Provided records =>
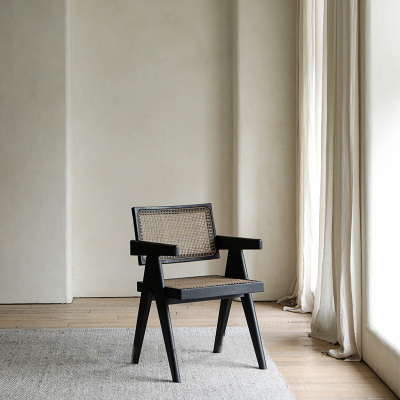 Chandigarh chair made of African teak and rattan, featuring wabi-sabi design and Buddha-inspired carvings in a minimalist setting.
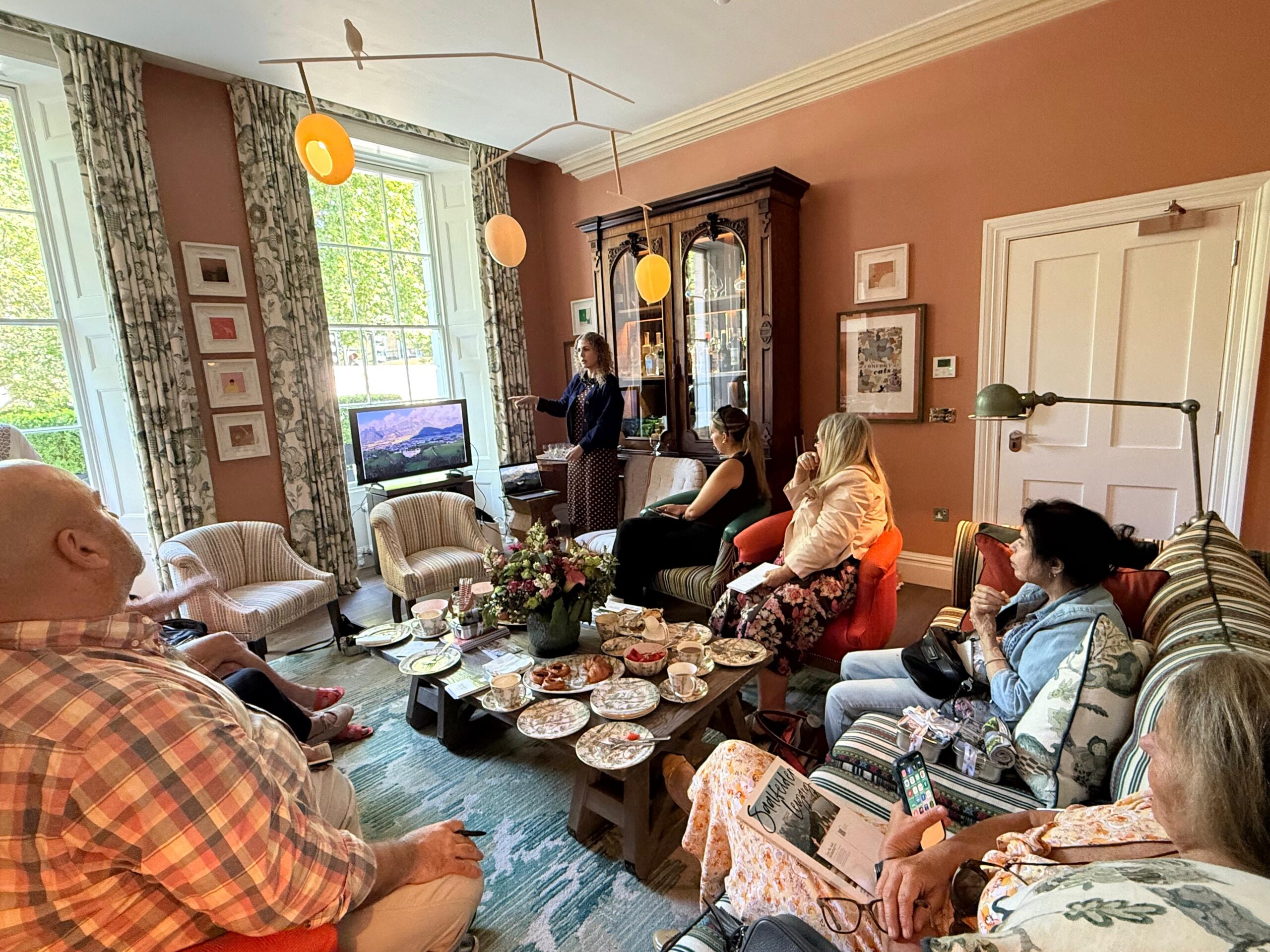 Eine Gruppe von Menschen hat sich in einem gemütlichen Wohnzimmer versammelt, wo es Tee und Snacks gibt, und hört einer Frau zu, die neben einem Fernseher steht.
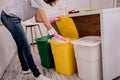 Young girl sorting garbage at the kitchen. Concept of recycling. Zero waste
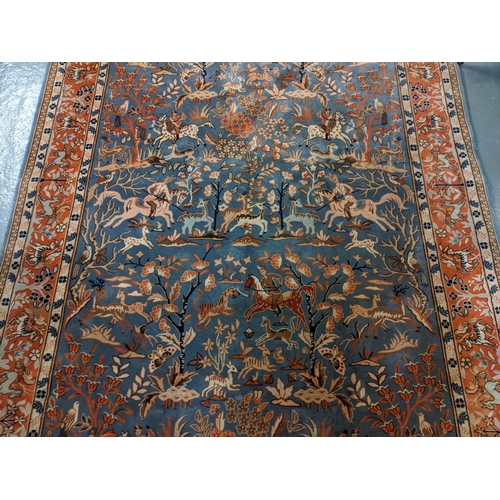 714 - Chinese Persian style blue ground rug, overall decorated with animals, birds and hunting scenes, wit... 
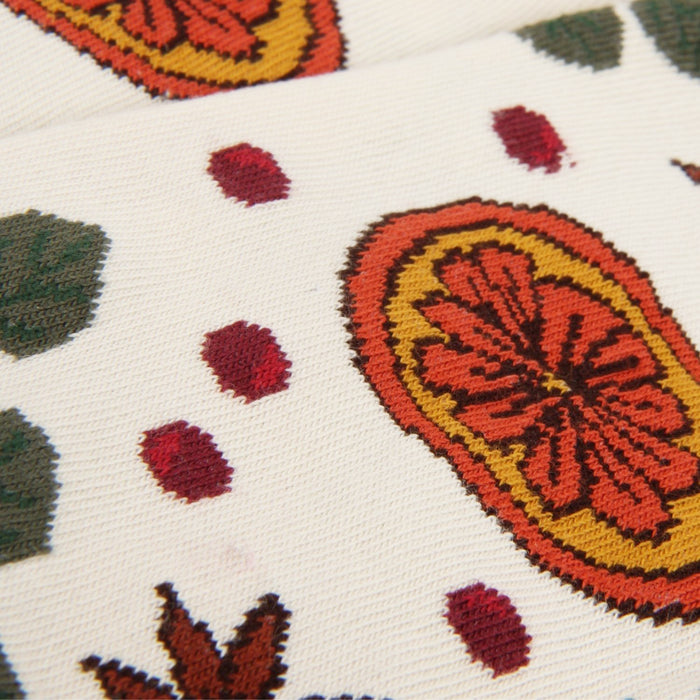 Close-up of a textile with floral patterns and red dots on a white background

The task =>
Reproduce every line above exactly as written, omitting the images.

Result of this exercise =>
 Chandigarh chair made of African teak and rattan, featuring wabi-sabi design and Buddha-inspired carvings in a minimalist setting.
 Eine Gruppe von Menschen hat sich in einem gemütlichen Wohnzimmer versammelt, wo es Tee und Snacks gibt, und hört einer Frau zu, die neben einem Fernseher steht.
 Young girl sorting garbage at the kitchen. Concept of recycling. Zero waste
 714 - Chinese Persian style blue ground rug, overall decorated with animals, birds and hunting scenes, wit... 
 Close-up of a textile with floral patterns and red dots on a white background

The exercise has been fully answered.